**Exercise objective:** Where a picture appears, leave it out, and transcribe all the lines below exactly.

**Data provided:**
· · · · ·

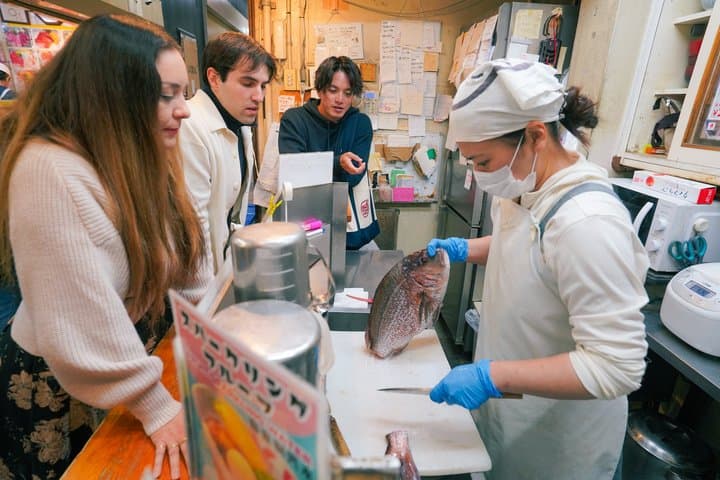 Tsukiji Fish Market: Behind the Scenes & 10 Seafood Tastings — photo 7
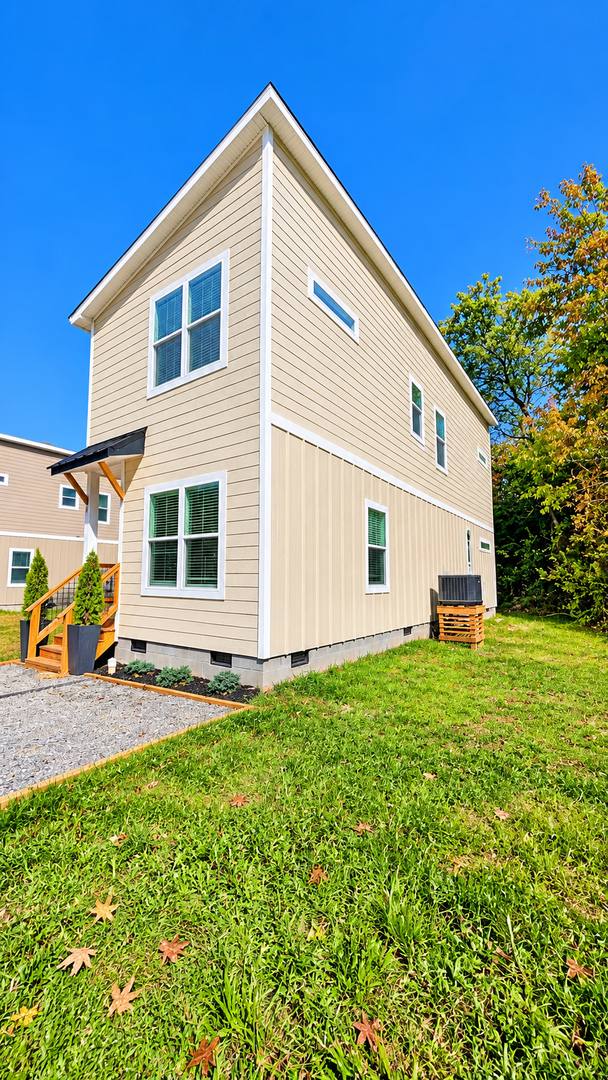 House for rent at 4 Wyndom Lane, Asheville, NC 28806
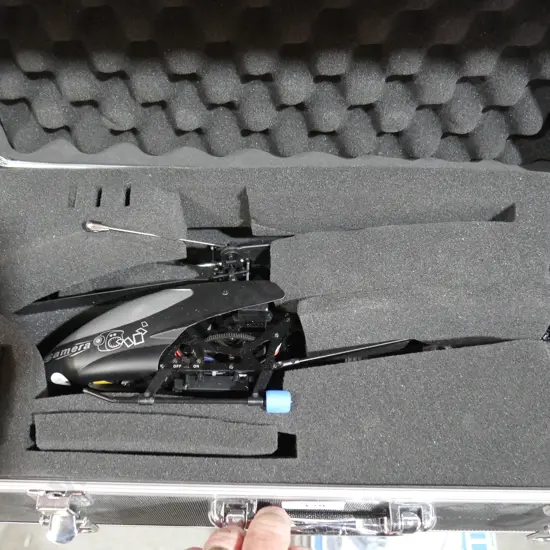 RC helicopter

· · · · ·

**Result of the task:**
 Tsukiji Fish Market: Behind the Scenes & 10 Seafood Tastings — photo 7
 House for rent at 4 Wyndom Lane, Asheville, NC 28806
 RC helicopter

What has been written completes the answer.